As a farmer and environmental activist I want to thank publicly Deputy Michael Fitzmaurice for a huge victory during the week, on behalf of rural Ireland. Only for his leadership of vehement opposition, last weeks nature restoration law would have been passed in its entirety. In order to get it passed the very damaging rewetting proposal had to be dropped. Worryingly articles 4.1 and 4.2 remain and could possibly provide a backdoor for the same thing.


The Nature Restoration Law proposed that, among a raft of other measures, "70% of all peatlands in agricultural use, be rewetted by 2050", with no mention anywhere of funding or compensation. Deputy Eamonn Ryan enthusiastically supported the proposal with Fine Fail and Fine Gael telling us that state owned lands would be able to do most of the heavy lifting, and any rewetting by farmers would be voluntary. Its hard to see how that could happen as the state doesn't own any peatlands that are in agricultural use (all their peatlands are virgin bog), and I am not aware of any law that is voluntary. As a trial run maybe they could make the drink driving law voluntary.


If the law had been passed in its original form, the impact would have been catastrophic on rural Ireland. There are over 300,000Ha of such peatlands in Ireland, by and large, wrestled from the bog by backbreaking work over many generations. These peatlands are distributed among approx. 40,000 different farms. Most of these farms are small and their viability would be destroyed by the rewetting proposal. Some farmers with 60 to 70% drained peatlands would effectively face eviction. The whole locality and community would be destroyed, and the knock-on effect on the locality would be a slow death of whole communities, mostly west of the Shannon.


So why was our government willing to support such a calamity? Well we know that the Green Party leader Eamonn Ryan, is on record saying that the west of the Shannon should be rewilded. Fine Fail and Fine Gael are coming at it from the point of view that it will reduce emissions. So what do these peatlands emit? The figure in the inventory is 9 million tons of CO2, as provided by the EPA. However a little known fact is that this is an "international default figure", or to put it another way, an educated guess. Well their guess was miles off the mark, as recent research from Teagasc shows that emissions from drained peatlands are under 4 million tons. When the EPA guessed, they didn't guess on the side of the farmer, and consequently handed a stick to the Green Party to beat us with, which was gleefully accepted.

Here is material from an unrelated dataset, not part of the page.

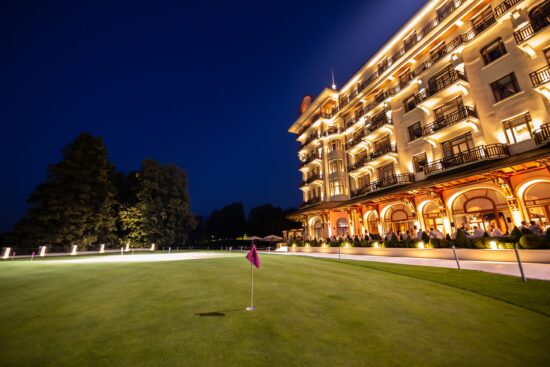 5 nights at Hotel Royal including 2 Green Fees per person at Evian Golf Resort (The Champions Course & The Lake Course)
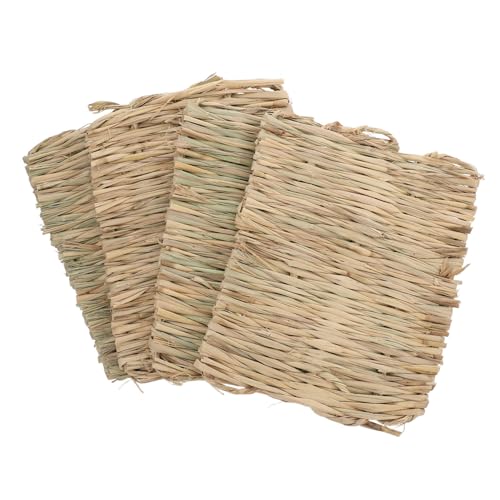 Toyvian 4stücke Grasmatten Für Vögel Und Kaninchen Atmungsaktive Und Langlebige Und Futtermatten Für Käfige Für Kleintiere Wiederverwendbar Und Toyvian 4stücke Grasmatten Für Vögel Und Kaninchen Atmungsaktive Und Langlebige Und Futtermatten Für Käfige Für Kleintiere Wiederverwendbar Und von Toyvian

So now here we are with 4 million tons of emissions, from food producing land, supporting vibrant communities. What can those emissions be compared with?

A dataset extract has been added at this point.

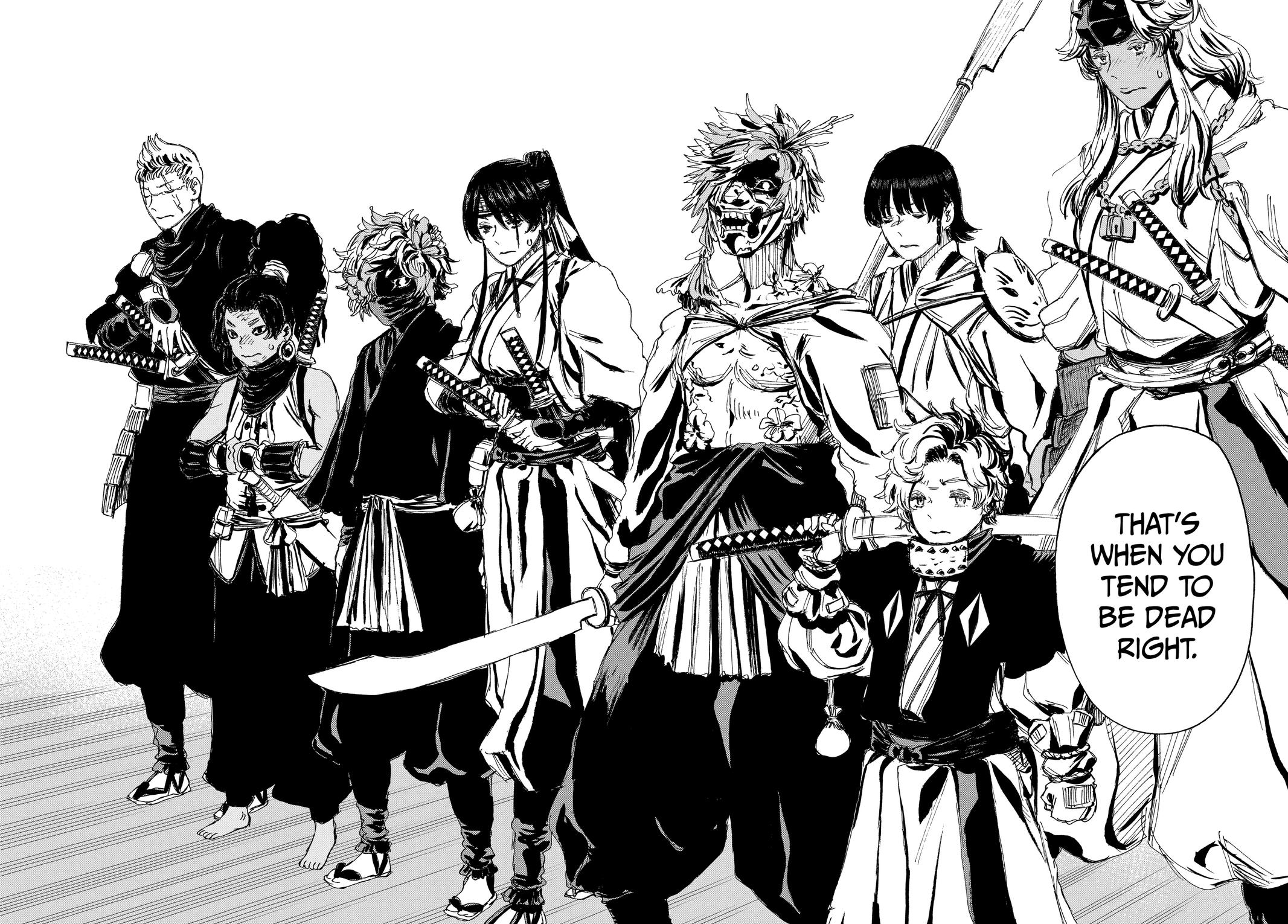 Read Jigokuraku EN Manga Online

Lets look at Dublin Airport, a facility that is the the responsibility of Eamon Ryan, as Minister for Transport. Last year the facility itself emitted something in the region of 1 million tons CO2, independent of the emissions emitted by the passengers on the thousands of jets going in and out. In fact about 30 million passengers went through Dublin Airport last year.


Under Minister Ryans stewardship this number is expected to grow to 40 million passengers over the next few years. That extra 10 million passengers will have an average emission somewhere in the region of 0.4t or a total of 4 million tons extra CO2. No-one seems to have problem with creating this extra 4 million tons, but our Government was willing to close down vast swathes of Rural Ireland to save 4 million tons.


Thank you again, Deputy Fitzmaurice.